Para que se percebam os objectivos a que Guimarães se propõe com a CEC, nomeadamente quanto ao que se espera do envolvimento dos cidadãos no processo, parece-me que deveríamos começar pelo princípio: faz falta, por exemplo, uma maior divulgação do documento da candidatura, que poucos conhecem, tornando-o acessível através da internet.

Pela parte que me cabe, darei um modesto contributo para essa divulgação, deixando aqui o texto que me foi pedido para integrar o processo de candidatura:




Identidade/Memórias

Num dos panos da antiga muralha de Guimarães está inscrita uma frase que se transformou numa insígnia da cidade, Aqui nasceu Portugal, onde transparece a ideia de que foi a partir deste lugar que, desde os confins da Idade Média, o país começou a caminhar.

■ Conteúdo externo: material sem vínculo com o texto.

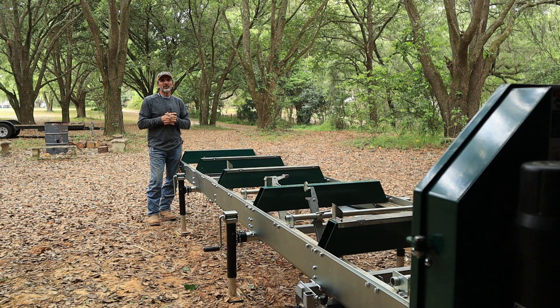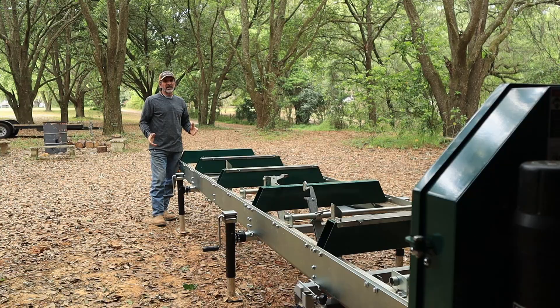That was probably somewhere in the February time frame. Here in Florida, winters are mild — usually below 80 degrees — and everything was fine for a period of time. Then one day I went into the barn and all of a sudden mold showed up: green mold over all of the lumber that I had just milled.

Guimarães, capital histórica de Portugal, terra da Fundação, do Castelo, do primeiro rei, da primeira tarde portuguesa, está indelevelmente associada ao surgimento de uma das mais antigas nacionalidades da Europa. É por essa razão que aqui se preserva e se evoca, mais do que em qualquer outro lugar, a memória da identidade nacional.

Porque daqui nasceu Portugal, Guimarães desde sempre se afirmou como uma cidade histórica associada às raízes da nacionalidade, cujas gentes persistem em manter uma estreita e genuína vinculação à marcas da memória colectiva, que trazem carregada de afectos que, muitas vezes, vão para lá dos fundamentos do simples conhecimento histórica.

A simbólica do berço não se confina aos limites apertados dos muros do velho burgo vimaranense, antes se alarga ao universo da região onde se insere, o Minho. É neste território, criação da Natureza e do Homem, lavrado no granito e pintado de verde, que se encontram traços de identificação com as raízes da nacionalidade, cujas reminiscências mergulham em tempos muito anteriores ao acto fundador de 24 de Junho de 1128.

Este é um território onde o cimento da identidade colectiva também passa por um fundo cultural partilhado, onde se cruzam a história, a monumentalidade – da dispersão do românico ao fulgor do barroco –, as tradições, o trabalho, o artesanato, as manifestações religiosas e festivas, a gastronomia, a paisagem, as gentes. A construção do universo cultural e social comum a todo este território foi amassada na diversidade de permutas interculturais que acentuaram os elementos da sua originalidade e diversidade, no contexto da cultura europeia, por onde passam a herança castreja, a presença romana ou os sucessivos processos de aculturação de que por aqui tiveram lugar.

Este é o berço da nação, mas também é o berço da língua portuguesa, que cresceu mais do que o país, tornando-se comum a tantos milhões de homens e de mulheres que se espalham por todos os continentes. Por Guimarães e pela sua região passa também um pouco da memória da construção da Europa e da sua afirmação no Mundo, também feita de partilhas culturais.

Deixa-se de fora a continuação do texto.